I nodded as I turned around and was confronted with another Rod Serling style shocker. Elysia had changed uttrerly: no longer an old woman in late 19th century garb (as best as I could discern her prior attire), she was now a middle aged woman in a bright yellow sun dress, still smiling the same smile, while offering a plate topped with two perspiring glasses of lemonade. She was beautiful, in the motherly sense of the word, and despite my own internal fear filled struggles to comprehend what was going on around me, she seemed to inspire an instantaneous familiarity that calmed me. Referring to her as Mother, given her new appearance, seemed altogether natural to me at that moment.
Sensing my unease at all the metamorphosis around me, she invited me to sit down on her swing, and then offered some explanation. I have since committed her exact words to memory.
“From the outside, things are all simply as they appear, and the present commands the past along with the future. But from the inside,” She smiled broadly, “…from the inside, all things simply are. Past, present, and future are Triune.”
In such situations, of bewilderment, one is inclined to pay very close attention to what is being told to you, and though I am still not sure exactly what she meant, her words none-the-less rung true to me and for the time being helped me to understand what was happening.
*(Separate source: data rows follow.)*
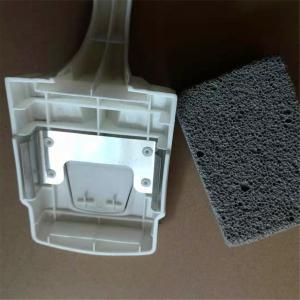 Quality Grill Bricks | Griddle Bricks and Griddle Stones wholesale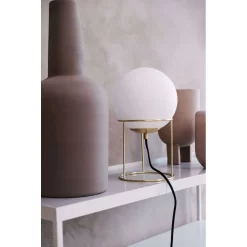 Moon Tafellamp - DybergLarsen - Koop Online -Verlichting Opslag 5704709080862 10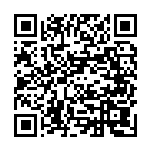 QR Code: http://ut1-webvirt-wiki.daz3d.com/doku.php/public/read_me/index/55491/start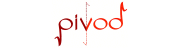 Pivod 75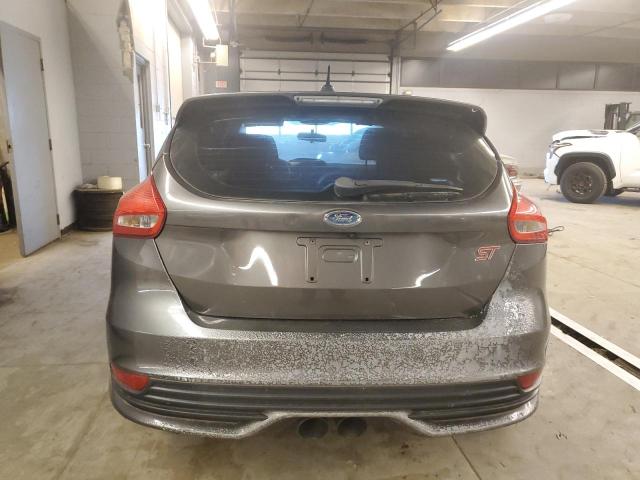 1FADP3L95HL275047  ford focus 2017 IMG 5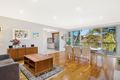 Property photo of 24 Oyster Bay Road Oyster Bay NSW 2225
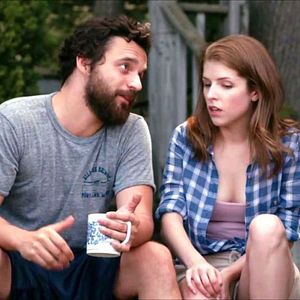 Fotoğraf Akşamdan Kalanlar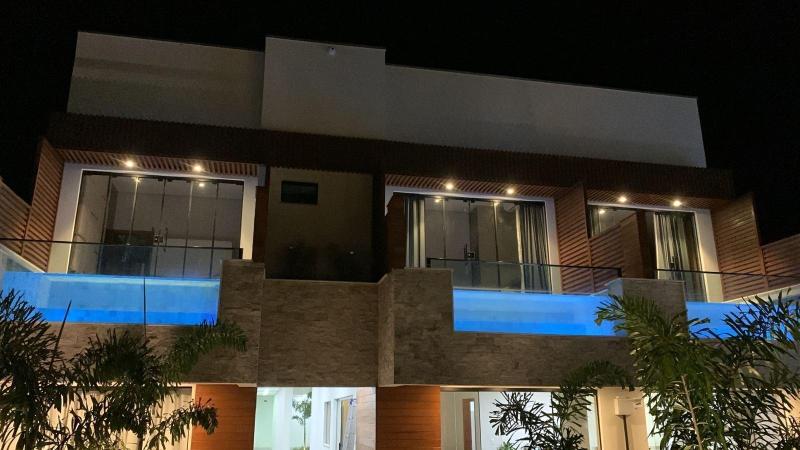Pousada Villas Bonito-3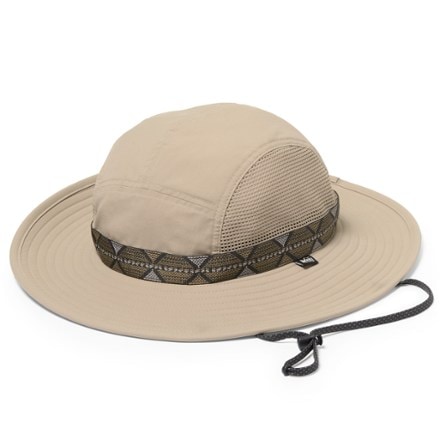 REI Co-op Sahara Guide Hat 0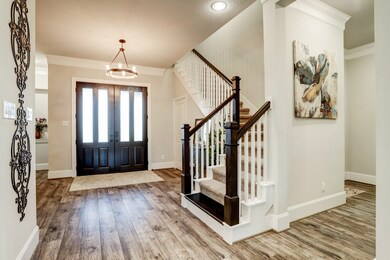 31259 Shady Arbor Ln, Spring, TX 77386 - photo 7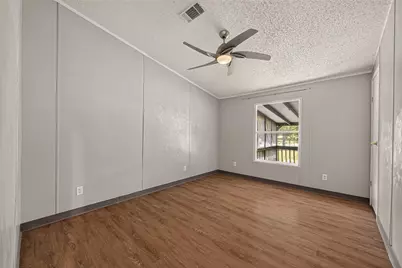 3725 Allen Road, Pearland, TX 77584 - Photo 26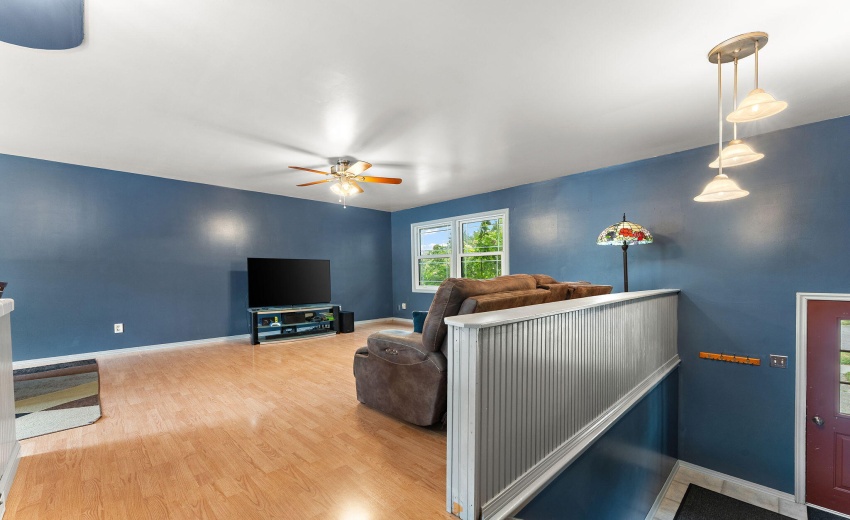 3-web-or-mls-DSC05882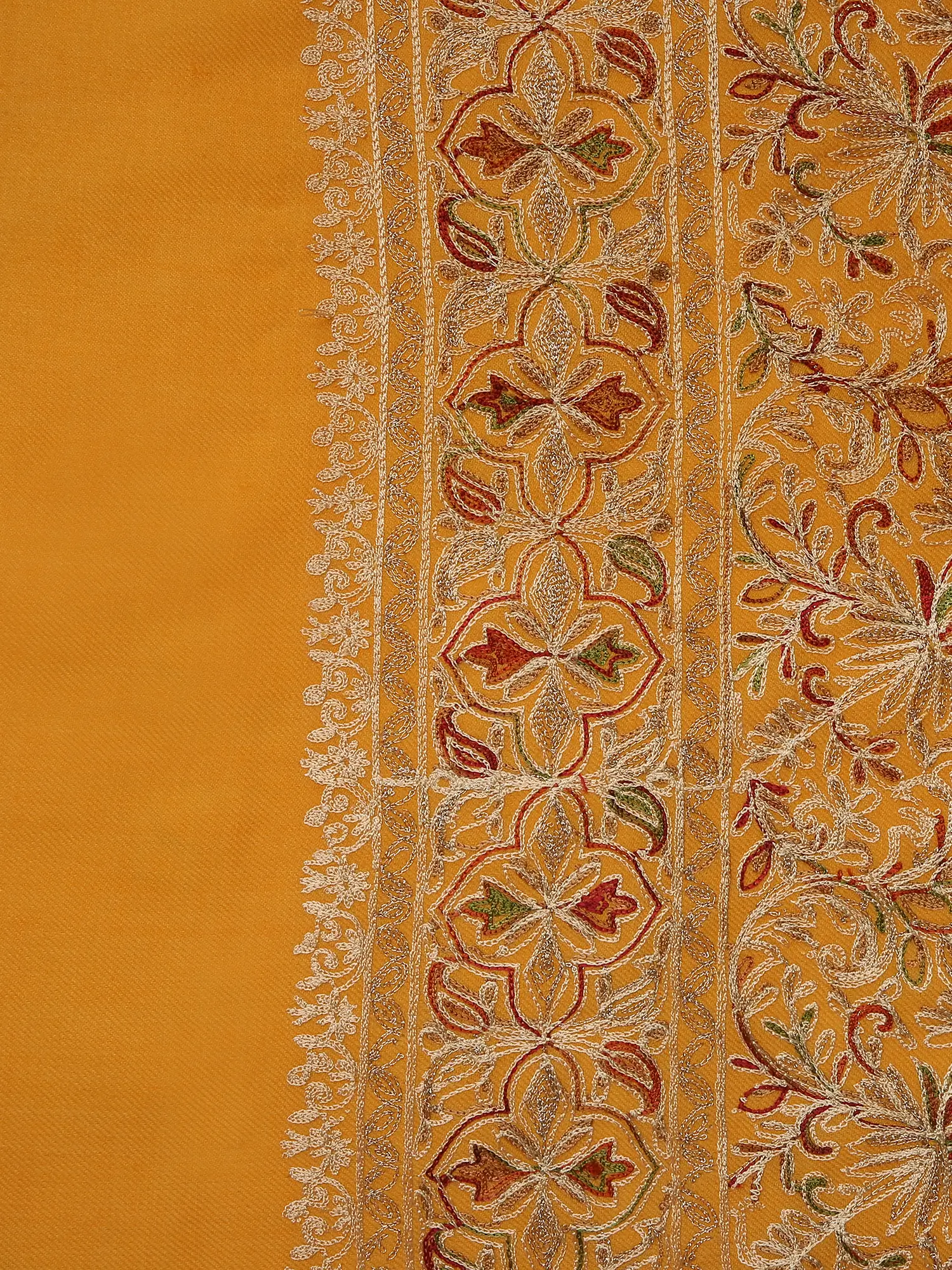 E116 - Image 3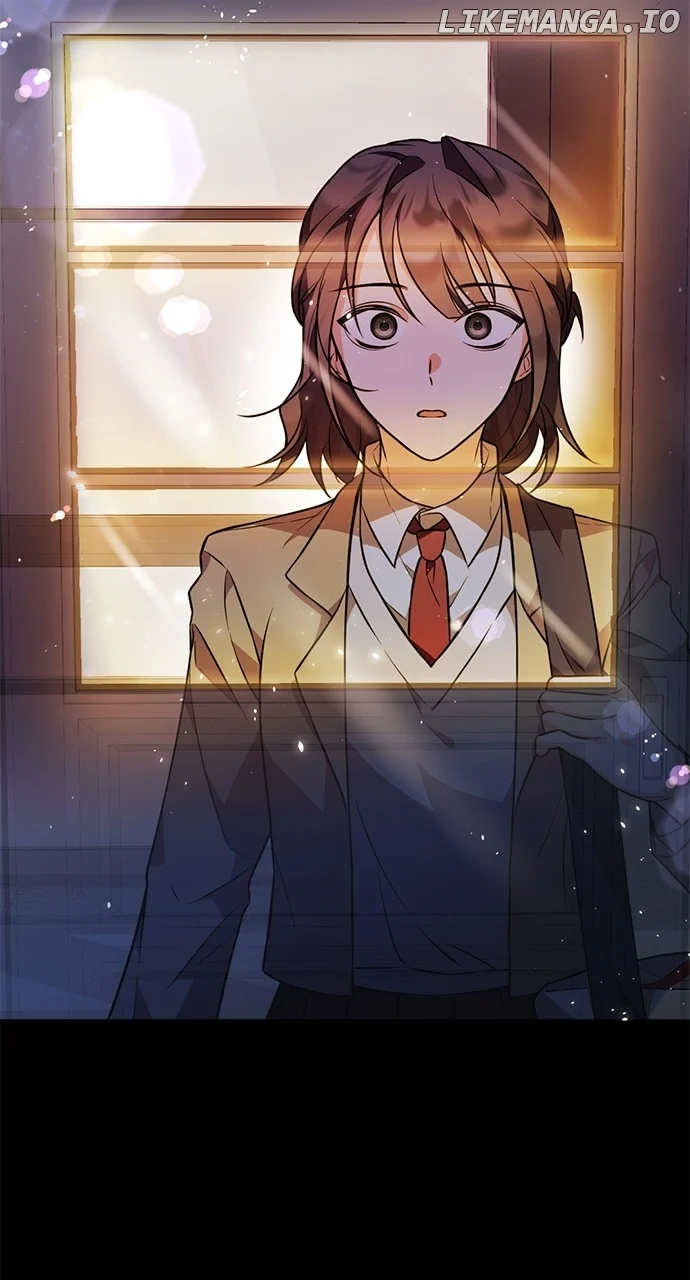 My Crush Got Possessed by the Duke Chapter 1 471 080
We talked for quite sometime as I tried to ignore the frequent interruptions of old train whistles from engines now apparently running on tracks I knew to be long since abandoned, the work horns blaring from the distant lumber mill which had not seen labor since 1920, or the occasional aircraft (if I can call them that) which would silently spin past overhead.
We would spend no time engaged in small talk, or the exchange of pleasant niceties. Any hope for remembrance of my original mission to deliver an apology had vanished, and instead I found myself exploring an entirely unknown realm guided by this old woman’s wise words. I was just along for the ride…willingly, but not decisively.
Really, the specifics of what Mother Elysia said to me are not important…at least not to you who are reading my account here. Though I cannot be wholly sure, I suspect that what she has to offer people who visit her porch may vary slightly for each individual…though always with the same goal in mind (patience…we shall come to this matter in proper order). Suffice to say that no truer words have been spoken (or written for that matter) than what this strange woman verbally handed over to me that day. As is often the case with real truth, it both hurts and heals and I walked away feeling as though I’d had old wounds opened, cleaned, dressed, and my mind’s pockets filled with prescriptive medicine. I would be back…there was little doubt of that.
As I left the porch the world returned to normal…but not so with me.